あなたは、友人の皮を被った怪物が居たら――どうしますか?
冷たい、冷たくなった、冷たくなり続ける空間を破る。
後ろを向けば、かつての友の姿が痛々しく目に映り。
上を向けば、あの病院で見せた威圧に満ちた顔を浮かべたグリードの姿があった。
「アハハハ! 随分ご丁寧だねぇ! じゃあ……もういいや、兄さんには死んでもらう事にしよう」
無邪気なる、同じ穴の狢への死刑宣告が、廃墟に響く。
笑いの後、ポグロムアは両腕を広げ、屋敷内に張り巡らされた氷の壁から、巨大な氷柱を出現させた。

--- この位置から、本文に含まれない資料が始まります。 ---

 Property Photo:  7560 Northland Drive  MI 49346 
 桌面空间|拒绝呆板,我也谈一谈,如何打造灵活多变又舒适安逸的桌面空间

グリードはただ、快を持ち上げ、その場から脱出せんと屋敷の先へと駆ける。
一歩一歩に、軽く地面を蹴るたびに地形が歪む事さえ厭わずに。
快を連れ、屋敷の壁痕から離れていくとグリードはある事に気が付く。
「走っても走っても景色が全く変わらない……“結界魔術”か!」
快が周囲を見渡すと、グリードの手を振るほどかんともがいた。
グリードは、それに全く気が付かず、周りを見るばかり。
快は、グリードに声をかける。
「グリード! 今のアイツは……一体何者なんだよ!? どうしたんだよ!?」
快の震える声は、グリードの口許に牙を剥かせた。
快にとって、その顔は初めて見た――感情のひとかけら。
冷酷にして冷淡の、作られた白い仮面の如き風貌でも、飄々とした笑みでも無い。
憤怒と焦燥、狼狽えといったものを、感じさせてならなかった。
グリードは、空いている片手の指を立て、告げる。
「快、もうアレは――アイネスじゃあない。これだけは言っておく、考えるんじゃあない」
早急に出ようとしたのは、否定の言葉。
――が、快は、グリードの言葉を認めざるを得なかった。
後ろから覗く、少年の姿は、快の知る姿から変わり果てていたのである。
狂気を孕み、開き切った瞳。
歪に笑み、涎を垂らす口。
関節の働きを無視した、動作。
知性無き、理性の失せた怪物と呼ぶにふさわしいモノだった。
されど、それを許さないのが、なによりの肉体。
グリードが立てた指を曲げ、一気に腕を振り下ろすと、目の前の視界に五本の、太い縦線が入る。
空間が、断裂したかのようであった。
「待てよ兄さん!! ボクに構ってくれよ兄さん!」
ポグロムアが叫び、手のひらを上げると、屋根を飛び出し――氷柱が襲いかかる。
飛び掛かった氷柱の先端が向くのは、グリードの背中のみ。
快は――もはや相手になどしていないかのようだった。
氷柱がグリードの背中に刺さる寸前、五本の縦線へとグリードが入ると、視界は再び一変する。
飛び込んだ先は、快にすら見た事のない港街だった。